◆ **Problem statement**: Repeat the data exactly, leaving out any image.

◆ **Input data**:
▼▼▼
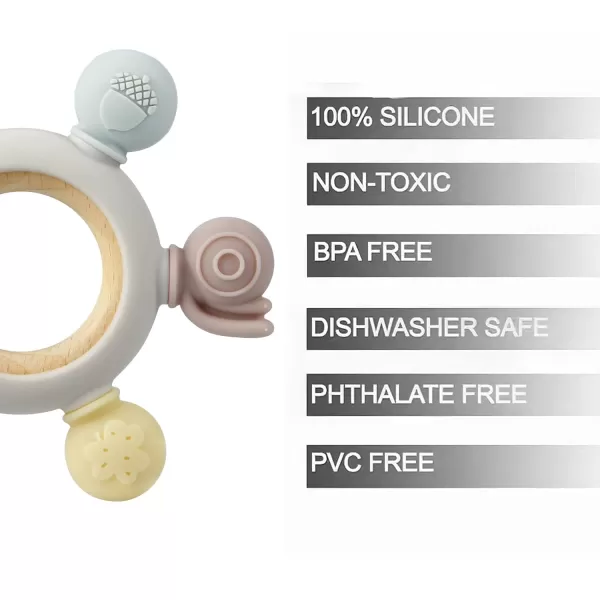 PandaEar Baby Teething Toys  Silicone Rudder Toy with Wooden Rings for Soothing Teething Pain Relief  Silicone Rudder with Wooden Ring for lnfants ampamp Toddlers 6 Months GreyGrey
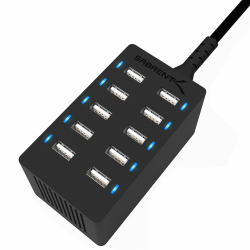 SABRENT USB Ladegerät, 60Watt 10ports USB-Schnellladegerät Ladestation Mehrfach, mit Netzteil, Ladestation für MacBook, USB-C Laptops, Nexus, iPhone, Samsung Galaxy (AX-TPCS) 10 port (Schwarz) Angebot bei HelloDeals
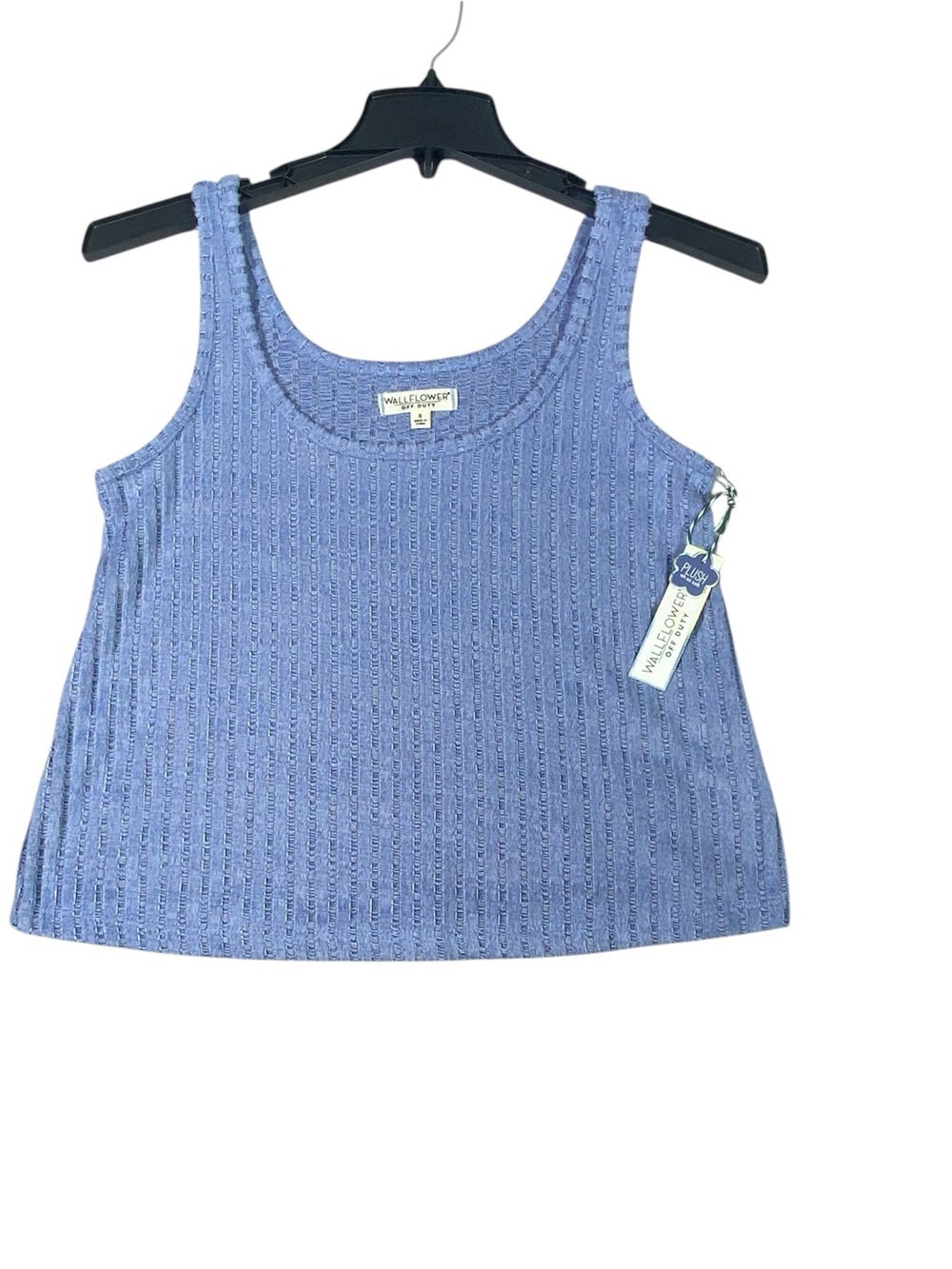 Wallflower Off Duty Plush Tank Top Women's S Blue Ribbed Cropped Scoop Neck NWT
▲▲▲
◆ **Problem solution**:
 PandaEar Baby Teething Toys  Silicone Rudder Toy with Wooden Rings for Soothing Teething Pain Relief  Silicone Rudder with Wooden Ring for lnfants ampamp Toddlers 6 Months GreyGrey
 SABRENT USB Ladegerät, 60Watt 10ports USB-Schnellladegerät Ladestation Mehrfach, mit Netzteil, Ladestation für MacBook, USB-C Laptops, Nexus, iPhone, Samsung Galaxy (AX-TPCS) 10 port (Schwarz) Angebot bei HelloDeals
 Wallflower Off Duty Plush Tank Top Women's S Blue Ribbed Cropped Scoop Neck NWT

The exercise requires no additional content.